Scott Oppenheim | Generative Art
Scott Oppenheim is a designer/digital artist with a passion for generative art, the combination of coding and fine arts. By mixing randomized algorithms with a vision of an artwork to create in mind, Scott reworks the code as many times as needed to achieve the end result. From bright to subtle, curvy to linear, each artwork requires ample gazing time to discover the intricate details. An expert in his field, Scott has published a tutorial on generative art in Issue 195 of Computer Arts Magazine. He’s also won several awards for web design and advertising work. Having studied classical drawing and color theory in the past, and currently working as senior interactive designer for the branding and interactive agency CHIEF in Washington D.C., Scott propels generative art as both a lead actor and influential artist in the movement.
1. You currently work as a Senior Producer for a branding agency in Washington D.C. Does your personal work influence your work work, and vice versa? What other creative talents do you exercise in the office?
I always believe in doing the best work. Art is about personal expression and allows me to have a creative outlet for the ideas I have in my head. My professional work is about helping others tell their stories. My work is guided by the belief that design is more than the way something looks—it’s the experience it provides.
2. Have you been a creative for as long as you can remember, or was there a sudden, life-changing “Ah-Ha” moment that led you to explore your artistic passions?
I’ve always had a passion for art. I remember an old Crayola drafting set I had as a child and a digital etch-a-sketch. Trying to create frame by frame animations on an etch-a-sketch from the 80’s wasn’t so easy. My mom was very artistic and my parents always encouraged me to play and experiment with different things. These same values guide the work I do today.
3. Generative art is really unique, and more rare than other techniques used in digital art. You must have your computer skills down pat – is this the case?
I’ve had access to a computer my entire life, but I wouldn’t consider myself some kind of computer genius. I was always better at playing with/on a computer than programming one. It wasn’t really until college that I began to learn programming.

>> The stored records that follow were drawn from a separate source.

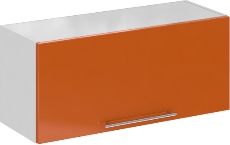 Кухня Олива ШВГ 800 Шкаф верхний горизонтальный Оранж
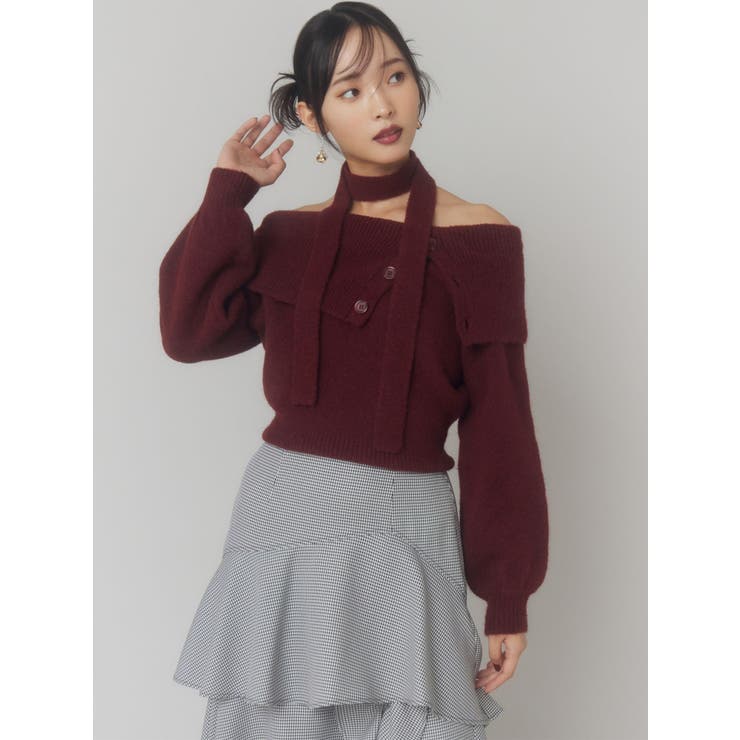 ビックカラーチョーカーニットトップス | RESEXXY | 詳細画像22 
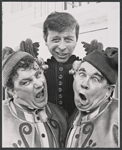Charles Durning, Joe Bova, and John Call in the stage production The Comedy of Errors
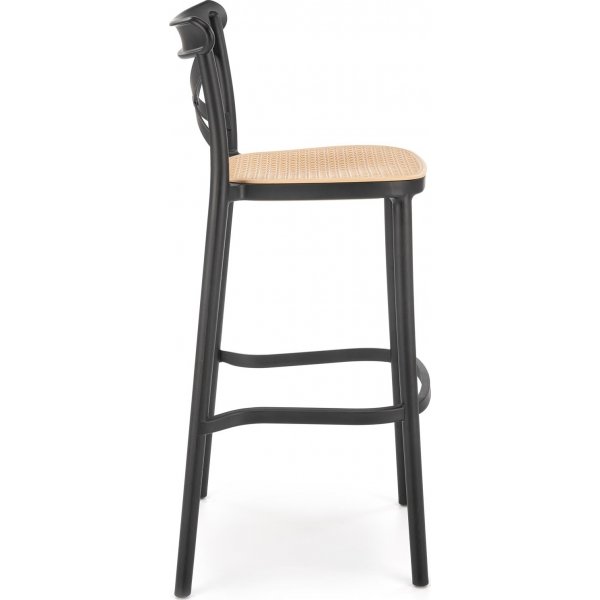 Tabouret de bar Plican 111 - Noir/beige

4. You have also studied classical drawing and color theory. Are there other types of artworks you create besides generative art that we should know about? ☺
I like to draw and paint.
5. For those who are new to the generative art field, can you walk us through your technique? What software / programs / tools do you use to bring your ideas to life? How does one foresee, or plan out, the desired outcome of generative artworks? (sorry that was two questions☺
First off, I have to give a shout out to Eric Natzke and Joshua Davis, two pioneers of this awesome digital art process. I discovered Natzke’s work while trying to find inspiration for a project at work and then later discovered Josh’s work. Every artist has an affinity for a certain style and I immediately connected with their work. I was lucky enough to attend a couple conferences to see them speak, and they were kind enough to share their process and enough code to get me started. My “toolkit” includes the Adobe Creative Suite, an iMac and a Wacom tablet. I think it’s personal and based on a lot of different factors. For me, it depends on my inspiration and vision. I do not always have a desired outcome; sometimes, I have a general sense and I am able to capture it at the perfect moment. The outcome is not 100% guaranteed and that is part of the beauty of it. Personally, I am drawn to the chaotic nature of generative art and how quickly it allows me to express my ideas, but I have also tried to bring order to my art through the use of grid systems.
6. Over the past few years we’ve learned that our artists’ creative juices flow much easier under certain conditions. Are there any “must haves” in your creation environment? E.g. coffee, U2’s greatest hits, fuzzy socks?
No, I can create anywhere.
7. Balancing work life and time for personal art is often hard. What advice do you give to aspiring artists who hope to excel in their own artistic endeavors, as well as in their professional day-to-days?
You have to have passion for what you do, never give up, believe in yourself, and surround yourself with supportive friends and family.